Our Cofounder, Nora Heer’s latest post in Bilanz discusses addressing prevalent feedback problems. In light of the development of new management technology with decision making capabilities, she questions whether or not this level of leadership can really be supplemented with software.
This artificial super-intelligence is due to be released circa 2030, and promises to be advanced in decision making and management skills. This was announced in a lecture at Singularity University from Google development manager, Ray Kurzweil’s think-tank. The IT Manager of VW listened in along with international executives from Palo Alto, a somewhat ironic picture considering VW’s own software which recently duped the public into thinking their car emissions were significantly lower than they actually were. The concern then arises how such software capabilities will be used by organizations who could manipulate this capability for criminal activity.

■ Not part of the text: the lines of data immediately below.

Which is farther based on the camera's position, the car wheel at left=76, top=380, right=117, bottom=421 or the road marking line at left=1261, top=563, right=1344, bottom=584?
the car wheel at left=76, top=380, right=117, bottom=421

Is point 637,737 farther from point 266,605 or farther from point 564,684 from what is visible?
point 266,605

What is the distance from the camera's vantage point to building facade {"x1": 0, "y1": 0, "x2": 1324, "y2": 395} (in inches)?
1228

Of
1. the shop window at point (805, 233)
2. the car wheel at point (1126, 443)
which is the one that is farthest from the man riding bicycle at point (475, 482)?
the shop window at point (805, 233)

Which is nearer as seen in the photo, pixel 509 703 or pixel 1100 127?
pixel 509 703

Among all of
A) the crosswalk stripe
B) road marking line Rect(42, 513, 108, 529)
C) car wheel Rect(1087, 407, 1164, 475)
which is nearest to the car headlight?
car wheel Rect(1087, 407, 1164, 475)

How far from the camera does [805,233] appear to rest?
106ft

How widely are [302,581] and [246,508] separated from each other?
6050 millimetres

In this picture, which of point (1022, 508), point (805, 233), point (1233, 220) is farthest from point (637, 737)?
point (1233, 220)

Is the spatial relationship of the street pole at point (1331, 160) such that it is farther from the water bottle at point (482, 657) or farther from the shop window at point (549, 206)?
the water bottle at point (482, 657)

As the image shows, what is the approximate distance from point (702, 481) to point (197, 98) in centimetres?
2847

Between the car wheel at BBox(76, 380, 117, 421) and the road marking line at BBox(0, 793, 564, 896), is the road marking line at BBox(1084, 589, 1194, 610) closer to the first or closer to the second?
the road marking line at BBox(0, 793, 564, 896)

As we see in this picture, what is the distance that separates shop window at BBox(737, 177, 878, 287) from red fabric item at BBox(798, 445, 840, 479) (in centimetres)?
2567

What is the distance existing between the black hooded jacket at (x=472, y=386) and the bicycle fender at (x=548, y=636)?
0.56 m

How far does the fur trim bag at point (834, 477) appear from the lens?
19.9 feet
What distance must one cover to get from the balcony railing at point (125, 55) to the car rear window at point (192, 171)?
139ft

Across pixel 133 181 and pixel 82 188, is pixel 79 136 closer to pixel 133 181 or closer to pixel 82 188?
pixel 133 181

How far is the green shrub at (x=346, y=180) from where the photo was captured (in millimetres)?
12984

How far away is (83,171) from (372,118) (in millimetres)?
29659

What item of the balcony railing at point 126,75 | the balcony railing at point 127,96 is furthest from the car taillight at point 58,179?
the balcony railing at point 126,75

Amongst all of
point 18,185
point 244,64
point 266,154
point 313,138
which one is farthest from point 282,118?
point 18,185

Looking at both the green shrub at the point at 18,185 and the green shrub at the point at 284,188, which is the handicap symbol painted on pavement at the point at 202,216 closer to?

However, the core of the software is really addressing a primary feedback problem: becoming more clear. Kim Scott for example, a Google and Apple manager, trains management in guiding people effectively. Instead of critic coupled with pseudo-praise, feedback must be direct and very clear- a formula that allows colleagues to develop themselves in a consequent way.
If Rob Nail, Head of the Singularity University believes that 70 to 80 percent of the decisions he makes every day could also be made by an algorithm- the question at hand then becomes on which management model the algorithm is programmed. Hopefully it’s not false empathy.